Es ist ein richtiges problem. Es ist nicht realistisch, damit ich ständig meine Kunden neuen Versionen der RT Lizenzen anschaffen.
Eine reale Lösung würde sein mehrere Versionen von WinCC Flexible auf den gleichen PC anbringen zu dürfen. Oder den Compiler für die vorhergehenden Versionen in der neuesten Version von WinCC Flexible einfach hinzufügen.

edit:
Ich habe ein screenshot hinzugefügt.

Die Verbesserungen scheinen mir verhältnismäßig klein. Sie sollten es WinCC flexible 2005 SP2 genannt haben. 
Ich bleibe vermutlich mit 2005 SP1 bis Version 2008 (oder 2009?).


----------



## Markus (8 August 2007)

IBFS schrieb:


> Ich frag mich gerade, wie das dann mit der Sprachumschaltung in dem
> speziellen Editor funktionieren soll. Vielleicht durch "RAUTEN" anstelle der VARs.
> 
> Das würde schon ein paar Keise ziehen. Ich möchte das nicht konsistent programmieren müssen.


 
jaja - am besten schaffen wir normal stringvariablen für e/a felder dann auch wieder ab?!

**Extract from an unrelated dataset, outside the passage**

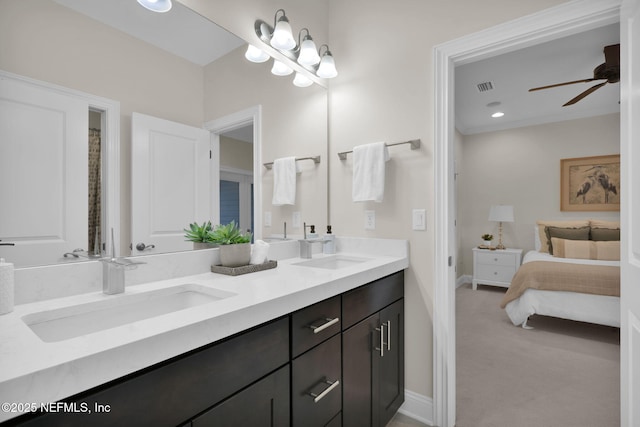 full bath featuring double vanity, a sink, visible vents, and a ceiling fan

da es variablen sind darf jeder einstellen was er will.

ich denke bei sowas immer an daten aus der produktion wie barcodes, rezeptnummern/namen, teiletypen, rohstoffe,...


gerade bei selbsgestrickten rezepturverwaltungen fluche ich immer wieder über diese fehlende funktion. ich will ein dropdownfeld das die variablen mit den rezeptnamen enthält. so wie bei der rezeptverwaltung von winccflex und protool auch.

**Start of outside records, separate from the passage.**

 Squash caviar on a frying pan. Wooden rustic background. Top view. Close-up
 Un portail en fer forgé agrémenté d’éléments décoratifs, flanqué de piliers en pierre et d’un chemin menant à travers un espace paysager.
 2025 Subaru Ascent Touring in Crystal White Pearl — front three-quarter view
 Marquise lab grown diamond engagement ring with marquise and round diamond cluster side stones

was die rezepturverwaltung angeht (die hat bei protool nie richtig funktioniert), bin ich seit den mmc-cpu ein fan davon die rezepturdaten auf die mmc zu legen (also wieder in db´s wie vor 20 jahren...).
das funktioniert reibungslos und vor allem schnell, große datensätze von panel über mpi dauern schon mal einige sekunden, bei chaotischem betrieb viel zu langsam...


----------



## rs-plc-aa (8 August 2007)

JesperMP schrieb:


> ...Siemens scheint, an dieses Problem gedacht zu haben. Aber sie haben es nicht genau gelöst.
> Es ist so, in WinCC Flexible 2005 SP1 kannst du zum Beispiel als Version 2004 oder 2005 (ohne SP1) speichern. Aber du kannst nicht die "alte" Version kompilieren (generieren).
> Um zu kompilieren, mußt du einen zusätzlichen PC mit der alten Version (2004 oder 2005 ohne SP1) von WinCC Flexible haben. Sehr lästig. Und dieses wird mit der Hinzufügung von mehr Versionen, die du stützen mußt, immer mehr lächerlich.
> 
> ...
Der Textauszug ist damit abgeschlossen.